◆ Problem
Print the data that follows exactly as it stands, from its first line through the line containing "Choice Single Tone", and stop there.

◆ Input data
::::

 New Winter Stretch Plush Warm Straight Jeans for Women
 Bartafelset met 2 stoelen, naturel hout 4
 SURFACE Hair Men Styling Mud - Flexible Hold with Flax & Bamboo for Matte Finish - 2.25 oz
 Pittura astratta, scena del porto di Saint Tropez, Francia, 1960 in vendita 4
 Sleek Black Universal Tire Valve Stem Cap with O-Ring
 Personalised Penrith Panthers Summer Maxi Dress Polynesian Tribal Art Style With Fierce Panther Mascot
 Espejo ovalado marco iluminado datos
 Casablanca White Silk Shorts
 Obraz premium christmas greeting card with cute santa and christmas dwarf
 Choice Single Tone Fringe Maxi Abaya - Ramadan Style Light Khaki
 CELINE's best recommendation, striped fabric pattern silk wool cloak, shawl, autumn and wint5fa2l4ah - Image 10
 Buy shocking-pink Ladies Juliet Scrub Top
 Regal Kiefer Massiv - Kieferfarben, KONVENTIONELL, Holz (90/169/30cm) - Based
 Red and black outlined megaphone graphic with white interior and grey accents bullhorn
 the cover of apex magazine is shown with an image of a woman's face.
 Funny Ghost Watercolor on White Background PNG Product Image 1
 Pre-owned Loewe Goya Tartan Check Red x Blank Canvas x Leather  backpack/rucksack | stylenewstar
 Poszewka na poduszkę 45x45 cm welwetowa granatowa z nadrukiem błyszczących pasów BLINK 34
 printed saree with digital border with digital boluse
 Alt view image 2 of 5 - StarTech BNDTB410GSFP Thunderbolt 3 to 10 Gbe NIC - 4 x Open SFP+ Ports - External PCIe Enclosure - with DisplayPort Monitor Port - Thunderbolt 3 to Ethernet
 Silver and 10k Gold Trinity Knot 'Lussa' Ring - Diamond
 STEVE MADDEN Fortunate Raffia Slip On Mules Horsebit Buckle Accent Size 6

::::

◆ Result
 New Winter Stretch Plush Warm Straight Jeans for Women
 Bartafelset met 2 stoelen, naturel hout 4
 SURFACE Hair Men Styling Mud - Flexible Hold with Flax & Bamboo for Matte Finish - 2.25 oz
 Pittura astratta, scena del porto di Saint Tropez, Francia, 1960 in vendita 4
 Sleek Black Universal Tire Valve Stem Cap with O-Ring
 Personalised Penrith Panthers Summer Maxi Dress Polynesian Tribal Art Style With Fierce Panther Mascot
 Espejo ovalado marco iluminado datos
 Casablanca White Silk Shorts
 Obraz premium christmas greeting card with cute santa and christmas dwarf
 Choice Single Tone Fringe Maxi Abaya - Ramadan Style Light Khaki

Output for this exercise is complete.